EXERCISE AIM: Please copy the data exactly as it stands, minus the images.

EXERCISE DATA:
________________________

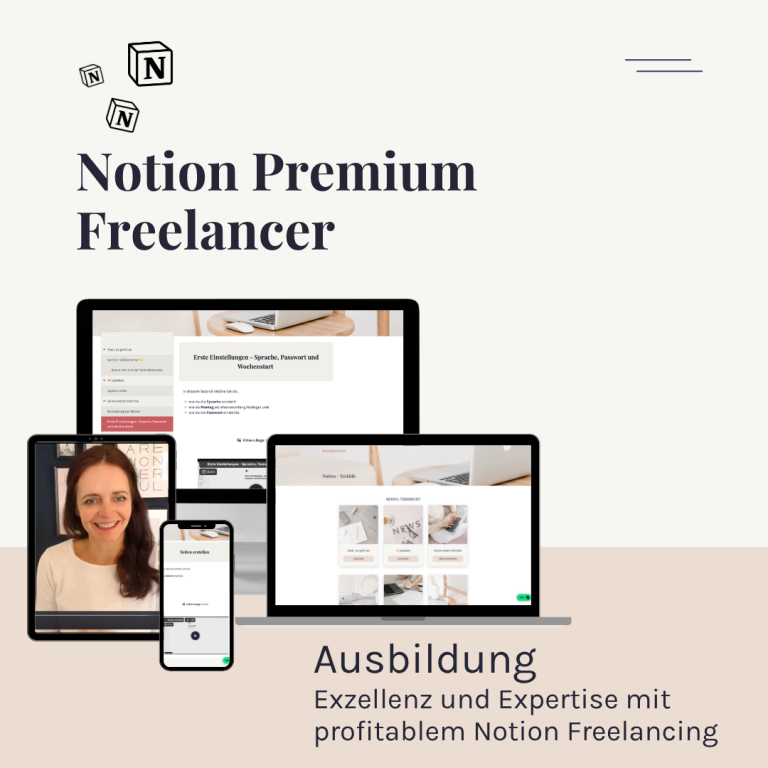 AIB Website mit Notion-Präsentation, verschiedene Geräte und Textbeschreibung.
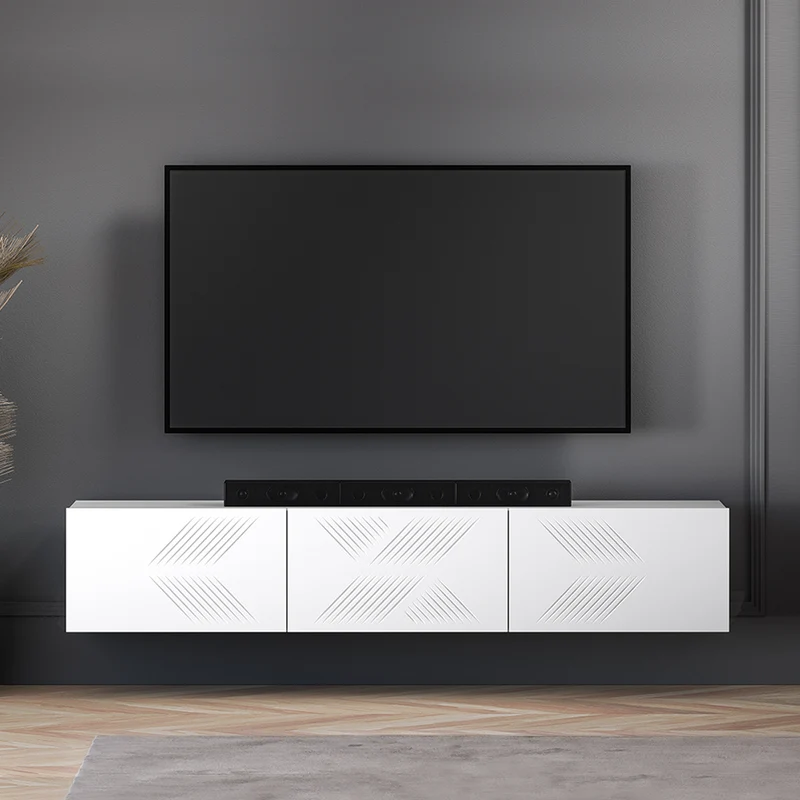 Meuble TV mural 3 portes 170 cm Aura Blanc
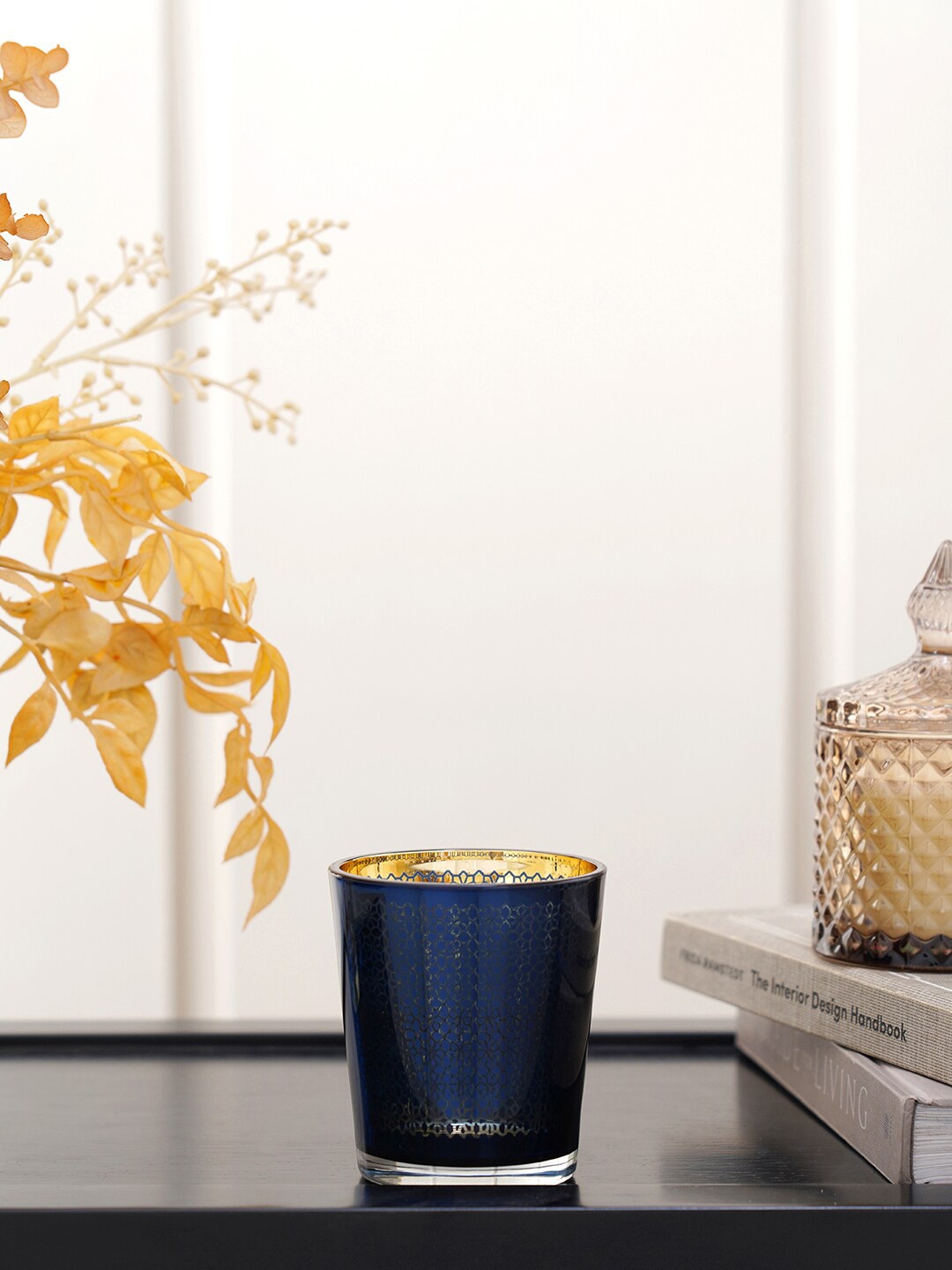 

Pure Home and Living Blue Set Of 4 Glass Tumbler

________________________

RESULT OF THIS EXERCISE:
 AIB Website mit Notion-Präsentation, verschiedene Geräte und Textbeschreibung.
 Meuble TV mural 3 portes 170 cm Aura Blanc

Pure Home and Living Blue Set Of 4 Glass Tumbler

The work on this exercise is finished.